Operazione intellettuali clamorose come quella di “esporre” alla biennale di Venezia del 1972 un signore affetto da sindrome di Down in carozzella. Oppure quella di esporre una carrozza antica ospitante una mozzarella. Oppure, l’ultima, quella di deporre un enorme scheletro (24 metri di lunghezza e 4 di altezza) di Pinocchio in spazi pubblici come Piazza Duomo a Milano o, oggi, per l’appunto il MAXXI.

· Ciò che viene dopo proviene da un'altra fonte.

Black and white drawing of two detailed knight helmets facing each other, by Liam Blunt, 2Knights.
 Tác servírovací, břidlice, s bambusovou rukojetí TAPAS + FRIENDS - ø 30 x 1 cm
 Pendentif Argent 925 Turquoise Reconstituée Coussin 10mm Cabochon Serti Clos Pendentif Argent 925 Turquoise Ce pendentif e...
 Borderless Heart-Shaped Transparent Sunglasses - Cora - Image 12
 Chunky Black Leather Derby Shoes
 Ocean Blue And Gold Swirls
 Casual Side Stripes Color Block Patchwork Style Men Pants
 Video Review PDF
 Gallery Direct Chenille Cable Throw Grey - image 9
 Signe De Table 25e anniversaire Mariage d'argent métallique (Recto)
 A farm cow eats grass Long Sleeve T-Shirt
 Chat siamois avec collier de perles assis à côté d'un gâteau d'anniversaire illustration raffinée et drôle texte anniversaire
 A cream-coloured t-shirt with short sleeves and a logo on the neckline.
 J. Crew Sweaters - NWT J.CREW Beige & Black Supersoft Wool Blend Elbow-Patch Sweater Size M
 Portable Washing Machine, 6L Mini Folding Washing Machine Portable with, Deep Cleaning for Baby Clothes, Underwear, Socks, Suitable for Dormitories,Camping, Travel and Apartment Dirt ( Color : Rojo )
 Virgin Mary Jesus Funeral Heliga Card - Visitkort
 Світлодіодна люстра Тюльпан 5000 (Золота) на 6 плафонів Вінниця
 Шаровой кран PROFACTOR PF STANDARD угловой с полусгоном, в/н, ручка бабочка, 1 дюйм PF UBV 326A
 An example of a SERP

Le operazioni culturali, leggendone i titoli e sbirciandole in rete, mi paiono tutte profondamente intrise di ironia e satira nei confronti del mondo dell’arte. I quadri sono distaccati e romantici, tristi, tristissimi e tristerrimi, di quella tristezza che viene profonda da un pessimismo radicato che la malattia gravissima che immagino abbia ucciso a soli cinquantanni l’artista marchigiano ha, drammaticamente e tragicamente, confermato nella sua giustezza.

Fatto sta che, se devo dire la verità, forse la stanchezza non mi permette stanotte di rilevarne l’essenzialità nel percorso pittorico italiano (anche se devo ammettere che giudicare da foto su internet sia, come minimo, rischioso).

Leggo di un signore che amava stare lontano dalle passerelle (tant’è che rifiuta Documenta di Basel), ma che al contempo è a Venezia, è a Roma, Milano, certamente tirato per la giacca, ma alla fin fine non così rigido nel suo negarsi. Perché avrebbe dovuto, in effetti? Per nessuna ragione, se non per una coerenza interiore che non è un  obbligo di legge avere. Quanto poi i suoi lavori pittorici, che di quelli, come si sa, amo occuparmi, debbano ad una certa metafisica e a ricordi di pagliacci di severiniana memoria è una domanda la cui risposta lascio ad altri più esperti di me.

Certo ora che MAXXI si apre, il grande pubblico, quorum ego, potrà confrontarsi con questi lavori e giudicare se queste mie sensazioni sono corrette o, al solito, strafalcioni da dilettante allo sbaraglio.